Others have specific needs, like childcare, or a ride to and from the clinic on the day of their procedure. Most need financial assistance. For the vast majority, state Medicaid does not include abortion care, and most private insurance refuses to cover abortion as well. This leaves patients with the obligation to pay for their abortion out of pocket, with prices ranging from $550 into thousands of dollars.

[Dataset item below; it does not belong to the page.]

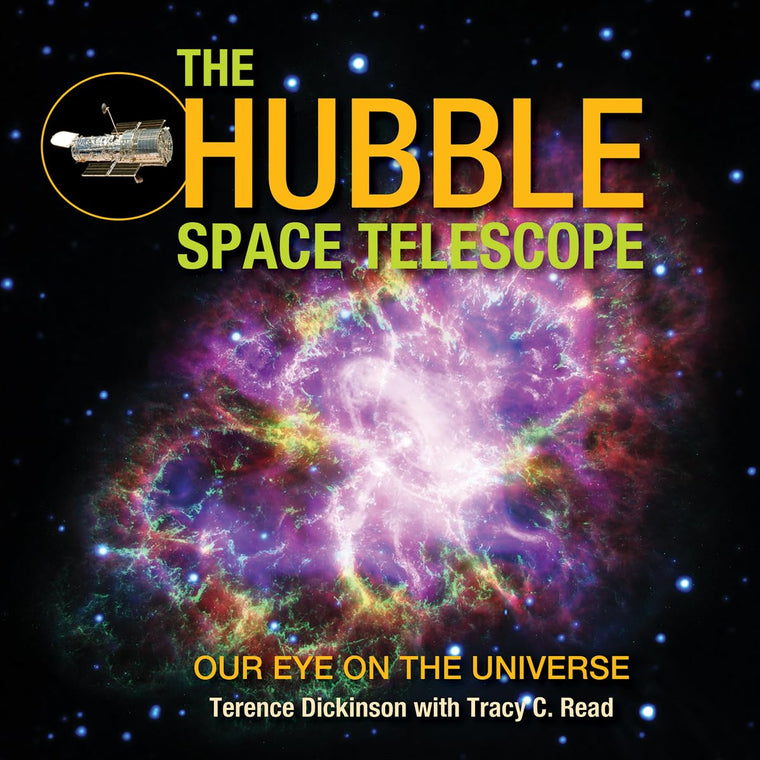 The Hubble Space Telescope: Our Eye on the Universe by Dicki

Money can’t buy freedom, but it sure can provide some choices. That’s why we work hard to provide some funding to everyone who asks. We don’t ask that our callers prove their need. We work with each caller as a unique individual, striving to meet people where they are. We trust them when they say they need help and believe what they say they need from us. That doesn’t mean we can always provide it – we are a teeny organization run by a cadre of unpaid activists, with a small but growing annual budget. But what we can’t provide, we help them find elsewhere. Sometimes that means contacting other organizations, and sometimes it means brainstorming with clients about additional resources in their own lives.
We work, in turn, with larger networks in our region and around the country, including abortion providers, activists, abortion funders, policy experts and more, collaborating with folks publicly and privately, in the open and underground.
My experience as a Quaker has been invaluable to me in this work. Our local group functions as a collective, making decisions without hierarchical power structures. Every practicing Quaker among us understands how difficult that can be, especially when the work feels urgent. I have pulled from my experience with committee work and business meeting in Pima Monthly Meeting, especially regarding meeting facilitation and group decision making.
But my Quaker inner life also feeds my ability to keep showing up to this work, which often feels discouraging, enraging, and heartbreaking. I’ll be the first to admit that my life related to our monthly meeting has changed during the pandemic. With so many other aspects of my life happening via virtual meetings, I have not gotten into the habit of participating in worship or business via my laptop screen. In many ways, I feel absent from my meeting.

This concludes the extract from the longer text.